Holland & Knight Newsletter
William R. Lane Jr.

“Defensive drivers” exhibit behaviors that enhance their safety: scanning the road, gripping the steering wheel at 10 and 2 (o’clock) and anticipating the actions of other drivers. In a number of recent cases, the IRS has challenged the estate and gift tax benefits offered by family limited partnerships (FLPs).  In each of these cases, family members failed to respect the integrity of the entity and drove a perfectly good estate planning vehicle into a ditch.  A review of these cases provides a number of defensive driving techniques to increase the chances that your FLP will stay safely on the road.   

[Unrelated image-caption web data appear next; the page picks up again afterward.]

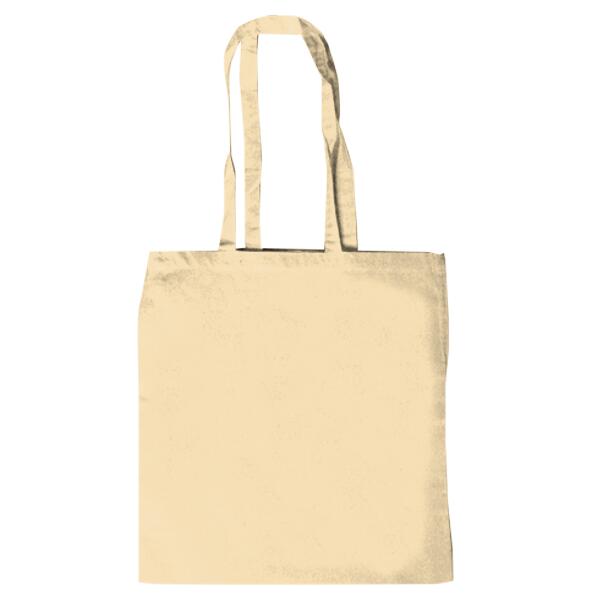 Cotton Bag BASIC Long Handles - Printwear Miniaturansicht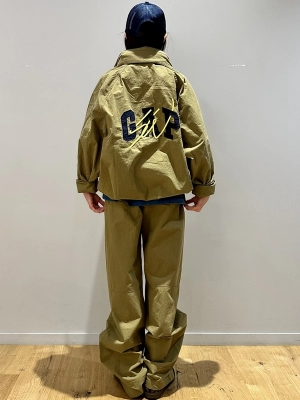 Gap×Sean Wotherspoon】大人気アノラック | Gap公式オンラインストア
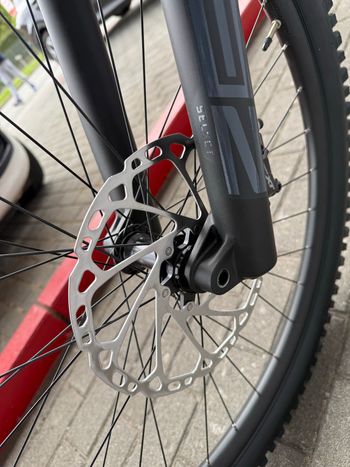 Used Merida eONE-SIXTY 875 2024 2024 Mountainbike — image 11 of 12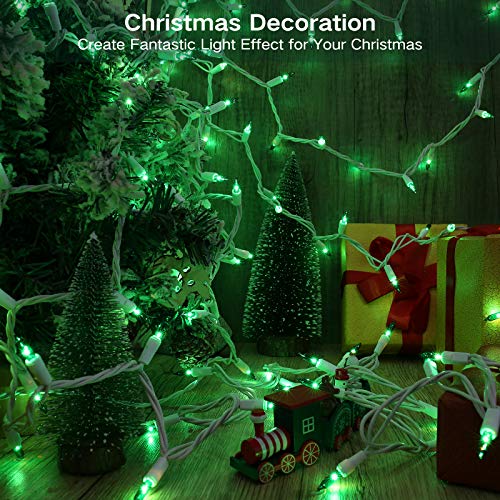 Brizled incandescent string lights 5 Brizled incandescent string lights - image 6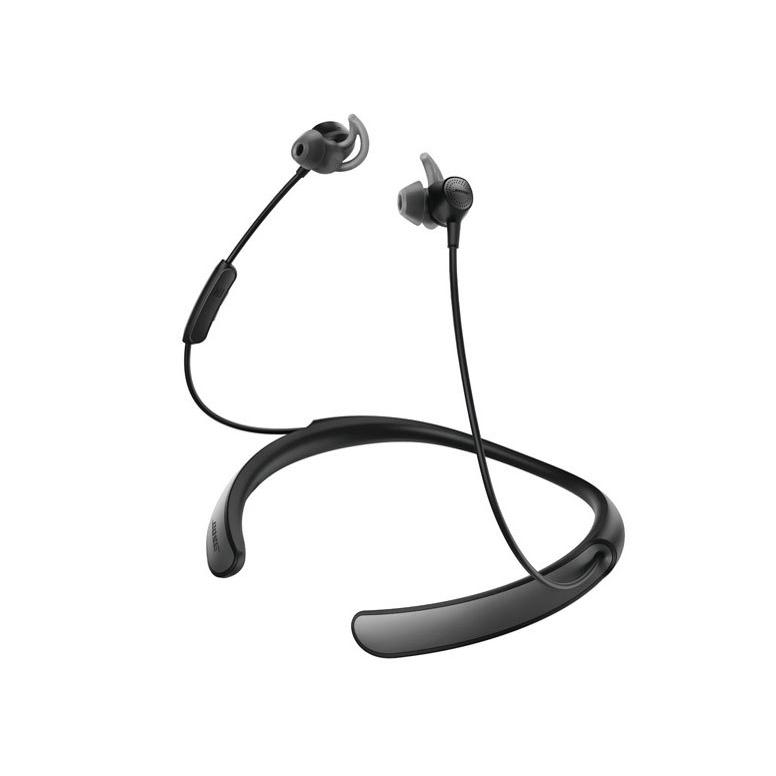 BOSE QuietControl 30 wireless headphones ワイヤレスヘッドホン 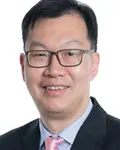 Dr Ng Chee Keong Alvin - Cardiology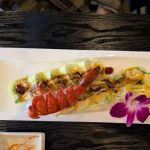 Wild Ginger Asian Fusion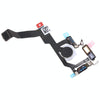iPhone 14 Pro Flashlight Flex Cable Replacement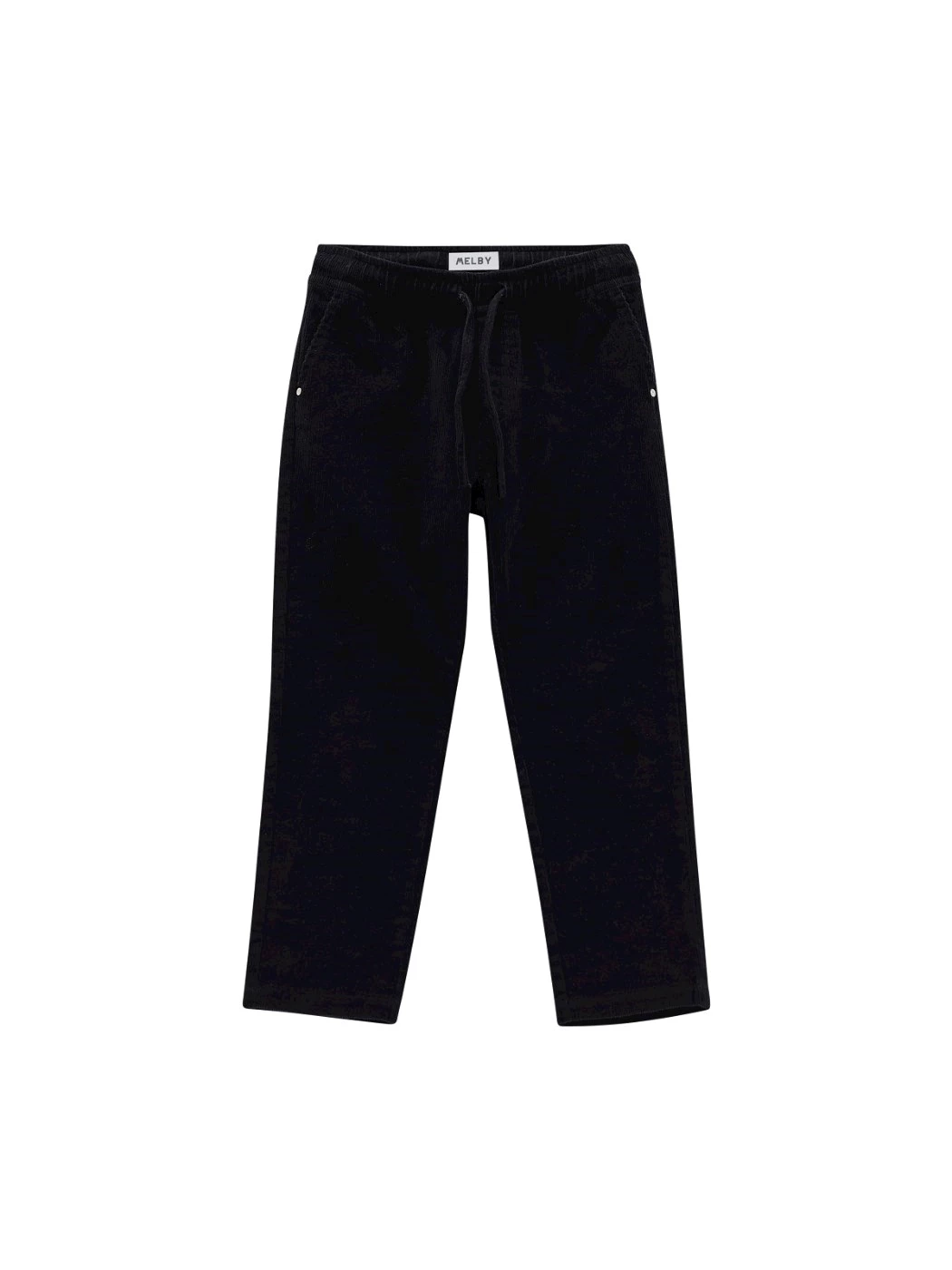 Pantalone Velluto Stretch Ragazzo 65G0424
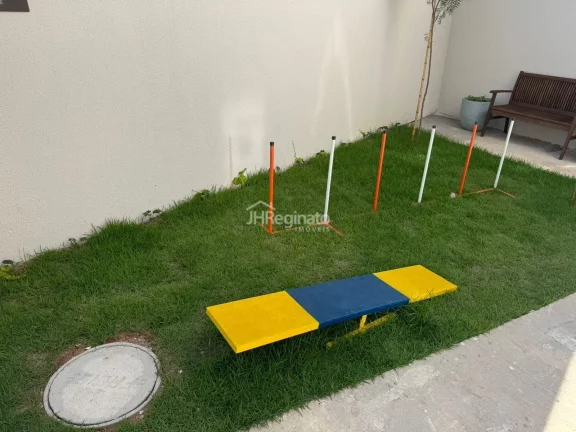 Imagem Apartamento à venda no Edifício Residencial JR Campolim II - Sorocaba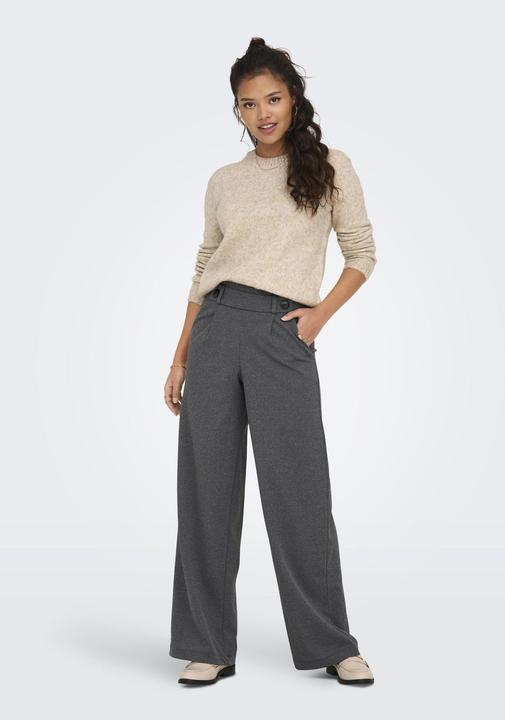 Actual product image JdY Wide-leg trousers Trousers with a wide leg cut (34)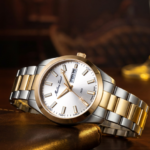 Mathey Tissot Nam H453BI - Ảnh 3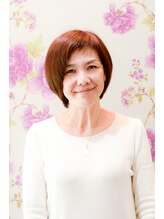 オンザゴーベイタウン(ON THE GO baytown)&nbsp;山本 早苗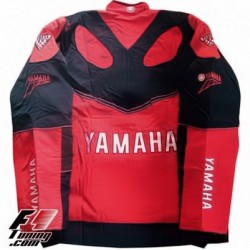 Blouson Yamaha Racing Team moto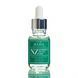 Сироватка з ніацинамідом і цинком Cos de Baha 20% Niacinamide Serum with Zinc 4% M00166 фото 2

Recently, the IRS has attacked FLPs by challenging valuation discounts claimed by taxpayers for lack of marketability and lack of control and by seeking to invalidate the FLP altogether for federal transfer tax purposes. While the former situation is a “pothole,” the latter is a “car wreck.”

Challenges to Valuation Discounts –Kicking the Tires

Valuation discounts result from the fact that the fair market value of an interest in a FLP is worth less than a corresponding share of the fair market value of its underlying assets.  For instance, assume that a FLP owns assets valued at $10 million.  A limited partner with a one-percent interest in the FLP might perceive that she owns one percent of the underlying assets with a net asset value of $100,000.  If that limited partner transfers her one-percent interest to another party in a transaction subject to federal gift or estate taxes, its fair market value is determined based upon the price that a hypothetical buyer would pay to a hypothetical seller. 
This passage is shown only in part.